Thursday, May 11, 2006

Real Estate

Foreclosure Activity UP

Softer Appreciation rates drove foreclosure activity to its highest level in two years during the first quarter, including a 19.1% annual spike in Los Angeles County. However foreclosure activity is coming off all time low levels and would have to double or triple to cause market distress, said DataQuick Information Systems.

In the year's first three months, lenders issued 18,668 default notices to California homeowners, up an annual 28.7% and 23.4 increase from the 2005 fourth quarter. The Last time it was this high was the 18,738 notices at the fourth quarter of 2003.

Across the county, 4,211 homeowners received the notices, the first step in the foreclosure process. That's the most since 4,736 in the first quarter of 2004.

By comparison, an average of 11,211 default notices were issued each quarter in the county over the past 14 years. We're coming off the bottom here. We though this would happen stronger, so this is an indicator of a stronger market that we anticipated.

Factors other than appreciation also affect foreclosure activity. They include the amount of equity people have in their property, the type of mortgage, they used and how long they've had that mortgage.

The low point for statewide foreclosure activity came in the third quarter of 2004, when property owners received 12,145 default notices. Activity peaked in the 1996 first quarter which 59,897 notices. Default statistics go back to 1992.
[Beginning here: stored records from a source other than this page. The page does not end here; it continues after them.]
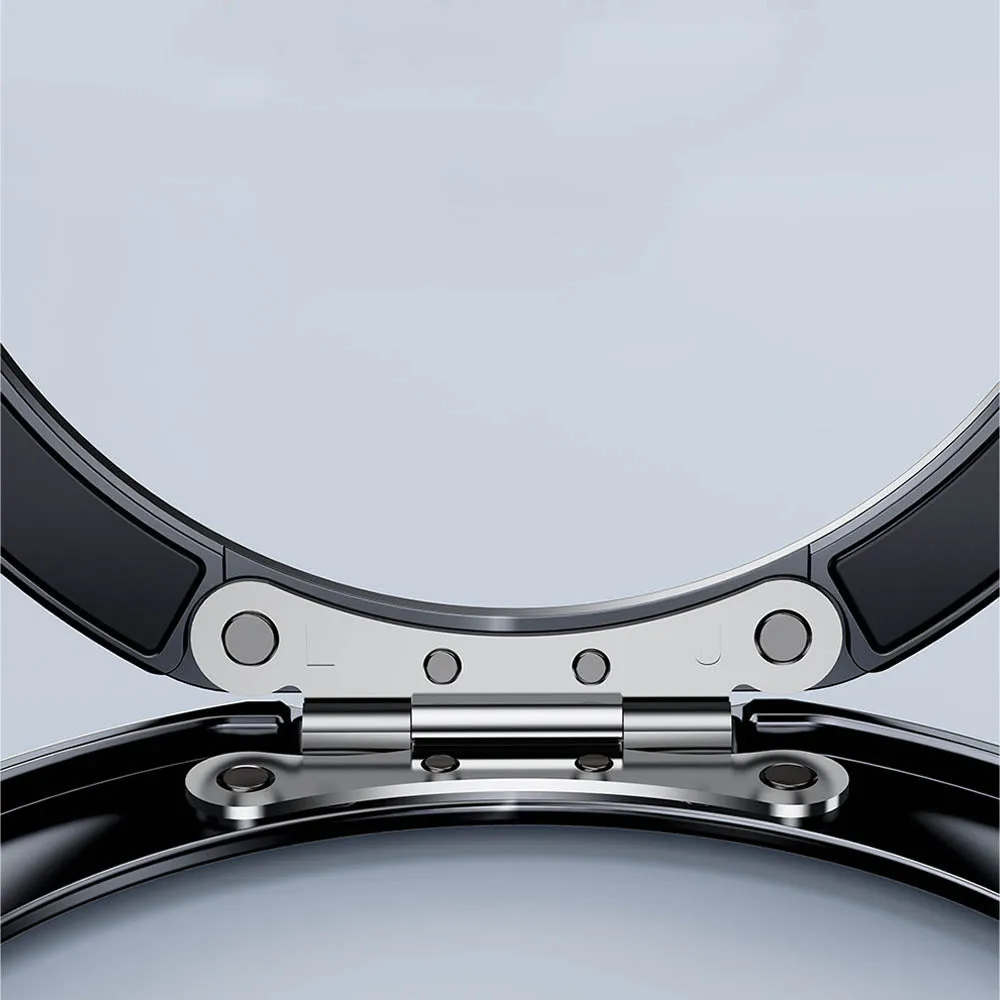 FusionGuard Liquid Metal MagSafe iPhone Case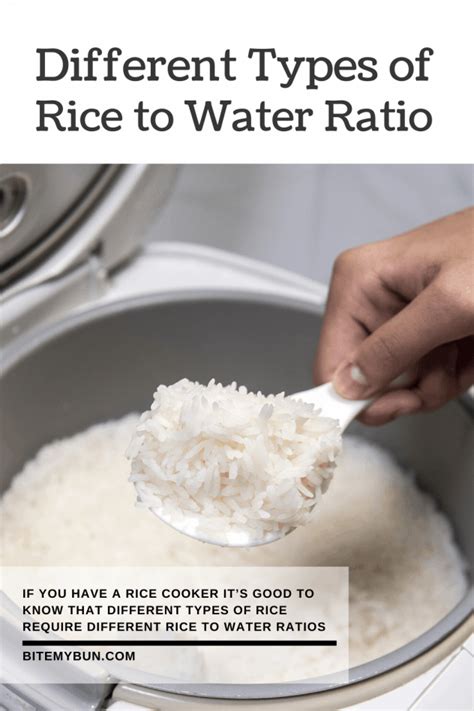 Rice To Water Ratio In A Rice Cooker White Jasmine Basmati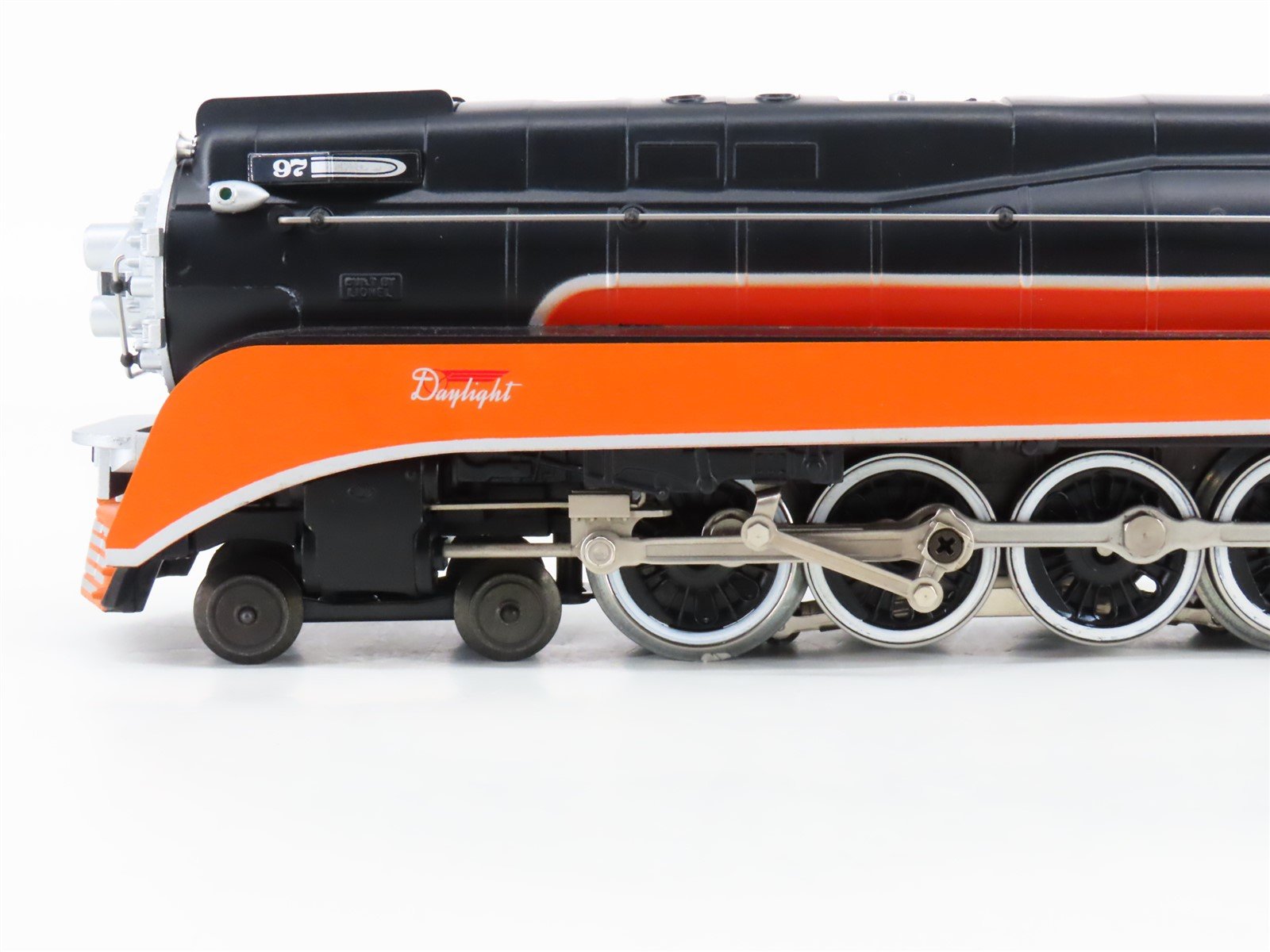 O Gauge 3-Rail Lionel 6-18071 SP Daylight GS-4 4-8-4 Steam Locomotive #4449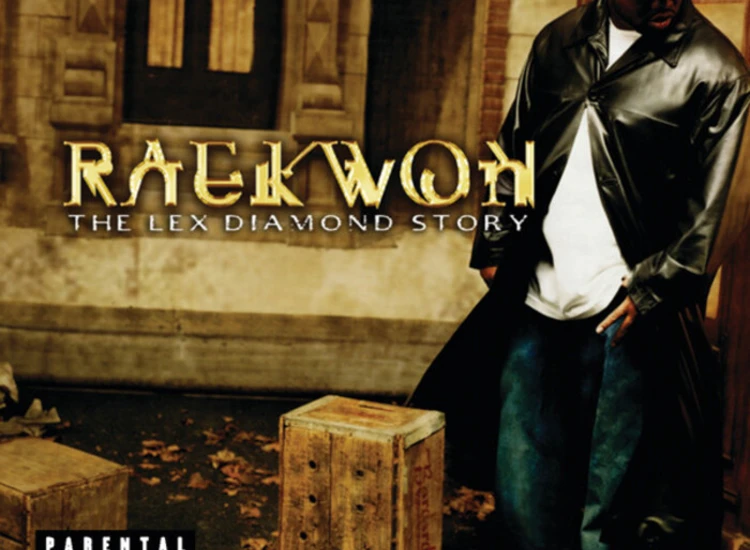 CD, Album Raekwon - The Lex Diamond Story ansehen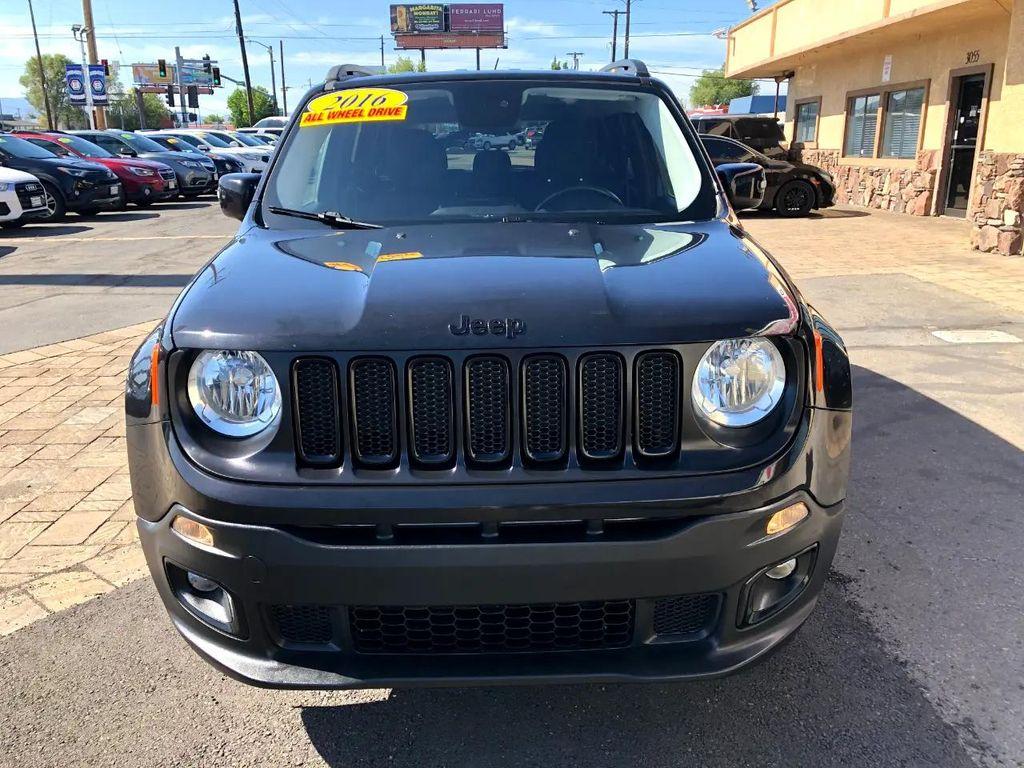 used 2016 Jeep Renegade car, priced at $13,990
Market watchers have been predicting for months that annual price appreciation rates would narrow and that is now happening.
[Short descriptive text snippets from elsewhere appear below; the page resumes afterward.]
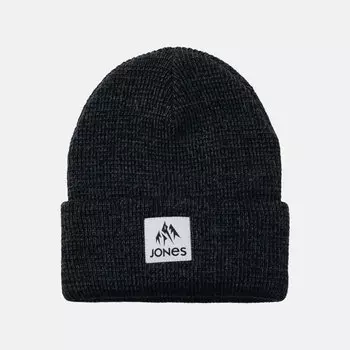 Шапка JONES Beanie Baker Black 2022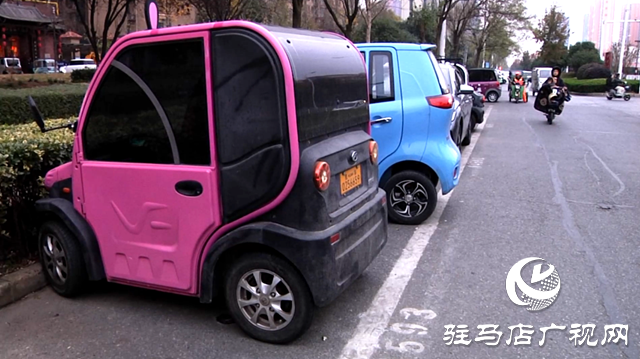 路邊車(chē)位不讓停？聽(tīng)聽(tīng)管理員怎么說(shuō)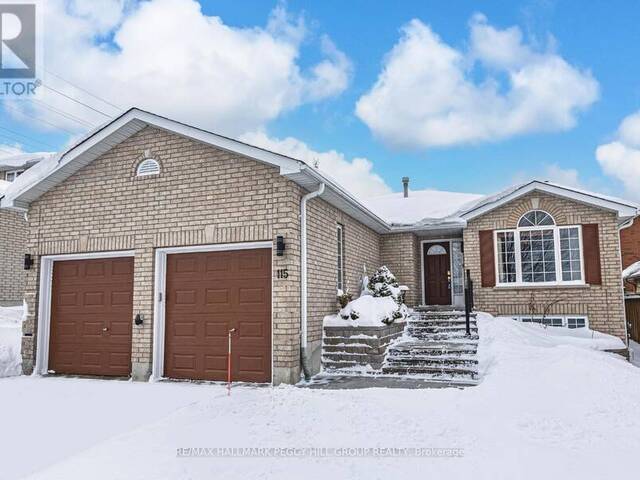 115 LION'S GATE BOULEVARD Barrie Ontario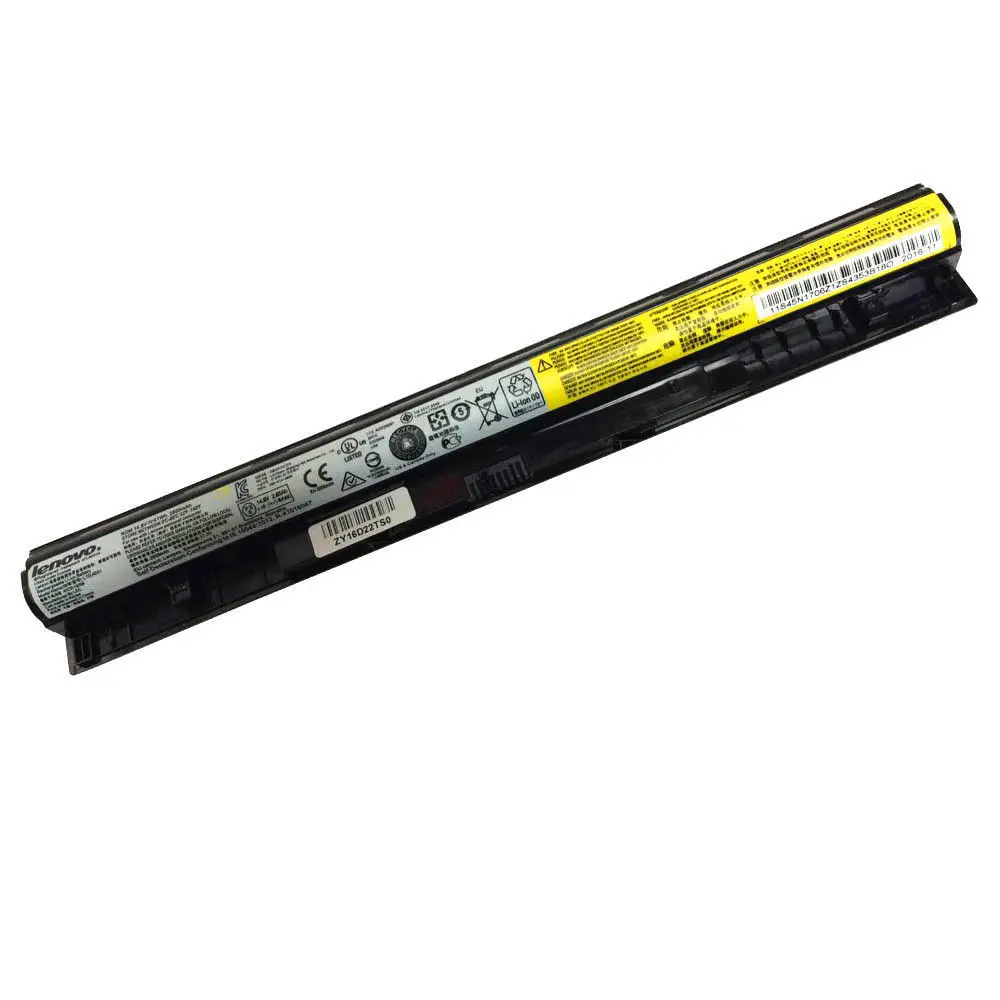 

New genuine laptop Battery for LENOVO 4ICR17/65 L12S4L01 L12S4Z01 14.8V 2800MAH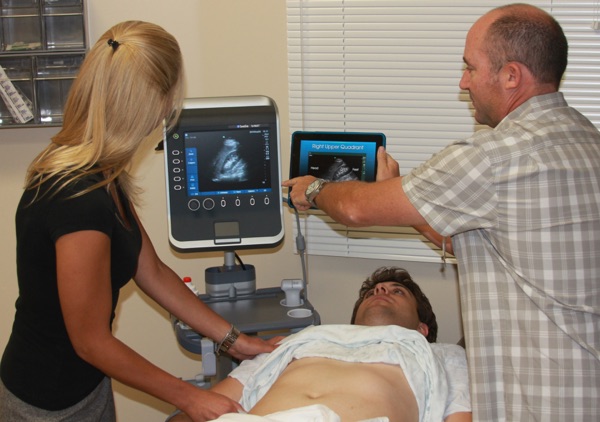 Cardiovascular Ultrasound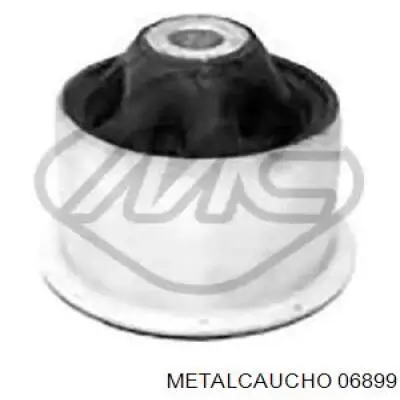 Bloco silencioso de viga traseira (de plataforma veicular) Metalcaucho 06899 preço, a partir de 20,02 USD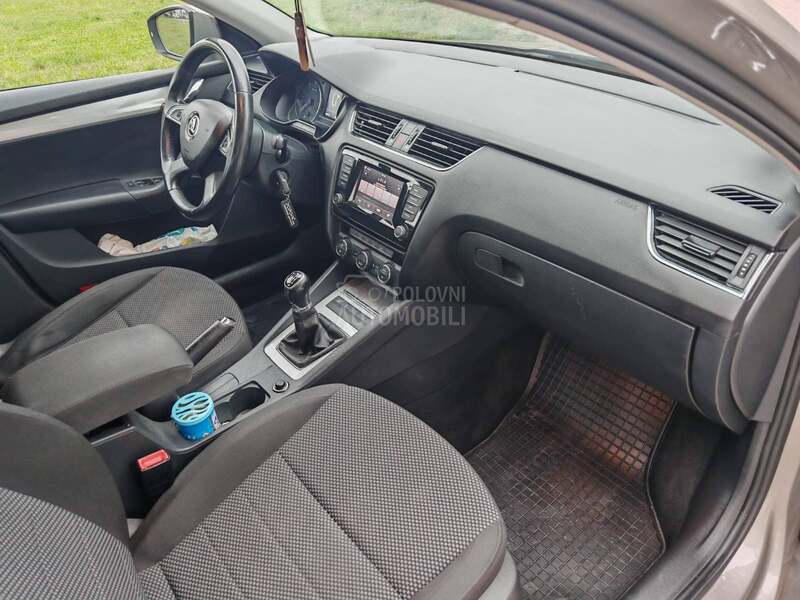 Škoda Octavia 1.4 CNG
Statewide, the annual appreciation rate hit a high of 22.8% during the second quarter of 2004. Since then, it's fallen to 12.4% in the first quarter of this year. Only 5% of homeowners who find themselves in default actually lose their homes to foreclosure.

Most are able to stop the foreclosure process by
bringing their mortgage payments current or by selling their home and paying off the mortgage balance.
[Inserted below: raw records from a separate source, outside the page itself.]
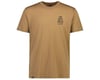 Image 1 for Mons Royale Icon Merino T-Shirt (Toffee)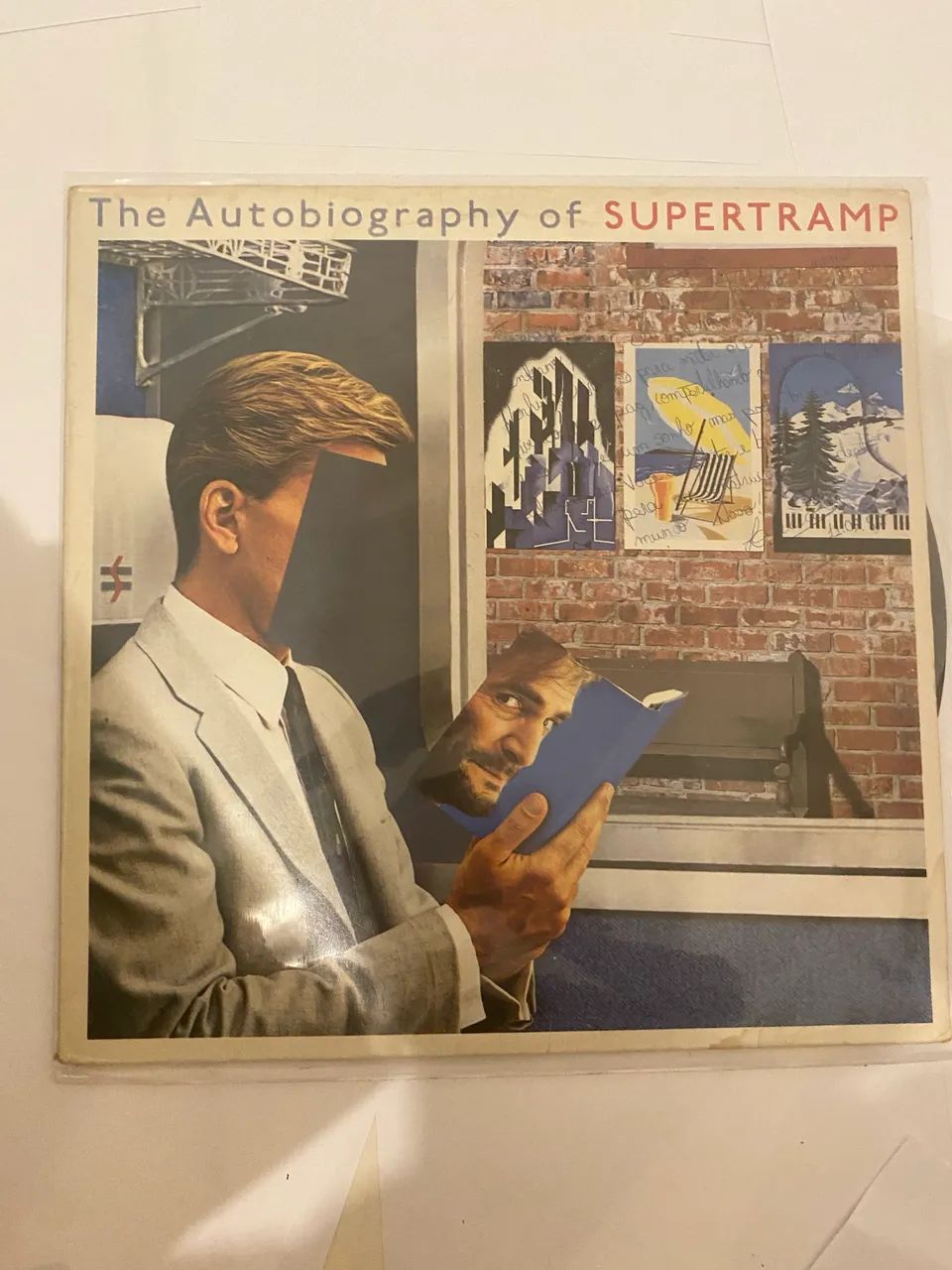 Disco de Vinil Supertramp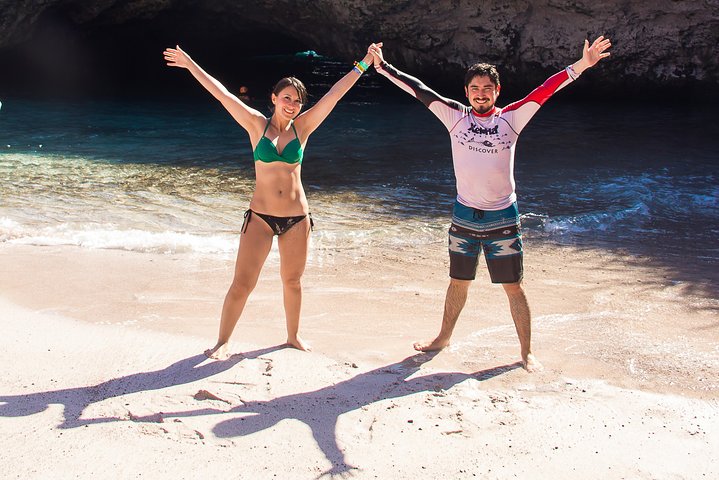 Marietas Islands Snorkel Tour & Hidden Beach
According to the Deputy Chief Economist at the California Association of Realtors, if this market continues softening the most risk will be faced by relatively new buyers financed with interest only, straight adjustable or other creative loan products.

While the supply of properties for sale increased in the years first two months and helped mitigate the price increases, it fell in March. Inventory is still lean enough to drive price increases, something that will ease the foreclosure risk.

The underlying economic conditions that five rise to large number of foreclosures are really nowhere in sight. You need to have quite a bit of economic distress and we don't expect that over the near future.